Takım sahiplerinin playoff ısrarı genelde takımların geleceğini tehlikeye atabiliyor. Phoenix Suns da bunun en büyük örneklerinden. Takımın en büyük sıkıntısı Bledsoe, Knight ve Morris’in daha fazla gelişim gösteremeyecek olması. Bu isimlerden birinin yanına 2 ana parça bulmadığı sürece Phoenix’in batıda istikrarlı bir şekilde playoff yapması oldukça zor görünüyor.
Los Angeles Lakers (14-52)
Los Angeles Lakers’ın durumunu açıklamak için iki istatistik yeterli. Ligde en kötü savunma yapan 4. takımıyken, aynı zamanda (kadro kalitesi oldukça düşük olan Philadelphia Sixers ile birlikte) ligin en kötü hücum yapan 2 takımı konumundalar. Takımın savunmada tökezlemesini normal buluyorum çünkü kısa rotasyonunda iyi savunma yapan oyuncu yok. Fakat Nick Young gibi kafasına buyruk oyuncuların kadroda bulunması rağmen Lakers hücumlarının bu kadar verimsiz olması net olarak koç Byron Scott’ın başarısızlığı.

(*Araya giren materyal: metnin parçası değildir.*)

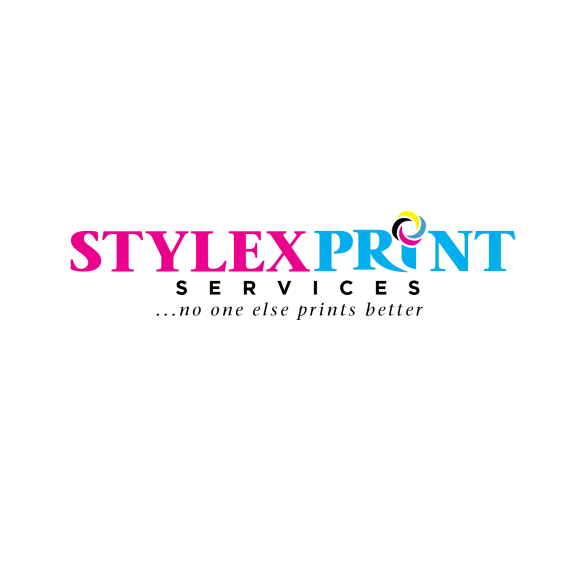 Stylex Print Services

Byron Scott sezon boyu saçma sapan işler yaptı. D’Angelo Russell ve Julis Randle’ı benche çekmesi bunlardan bir tanesi. Scott’ın zaten genç oyuncularla çalışmayı çok sevmediğini biliyoruz. Ancak göreve gelmesinin başlıca sebebi Kobe emekli olurken takımın en az zararla bu geçişi gerçekleştirmesiydi. Ama adam o kadar kötü ki, takımın geleceği olan ve rotasyonda fazlaca süre alması beklenen iki oyuncusunu küstürmeyi başardı.
Takımda 32 yaşındaki Marcelo Huertas dışında, çaylak veya ikinci yılında olan 6 oyuncu var. Larry Nance Jr. beklenenden daha iyi bir gelişim gösterdi. En önemlisi de D’Angelo Russell büyük potansiyelli bir oyun kurucu ve bu yüzden Lakers hücumlarını onun üzerinden oynamak zorunda. Skorer yönü daha güçlü olan Clarkson’ın ise daha çok tamamlayıcı rolde oynaması gerekiyor. Ancak sezon boyunca, D’Angelo Russell tekrar ilk beşe yerleşene kadar, iki oyuncu aynı anda sahadayken Clarkson’ın Lakers hücumlarını yönlendirmesi izledik.

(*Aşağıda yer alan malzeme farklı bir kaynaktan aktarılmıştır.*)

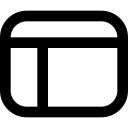 Compétences BTS SIO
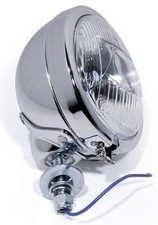 Faro Aggiuntivo Telecomando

NBA tarihinin en iyi oyuncularından biri Kobe Bryant basketbola veda ediyor. Takımda 32 yaşındaki Marcelo Huertas dışında, çaylak veya ikinci yılında olan 6 oyuncu var. Gelecek sezon takım D’Angelo Russell, Jordan Clarkson ve Julius Randle etrafında kurulacak. Durum böyleyken, Lakers’ın eski günlerine dönmesi için acele etmeden takımın Russell ve Clarkson çekirdeğinin üzerine kurulması ve Byron Scott’ın kovulması gerekiyor.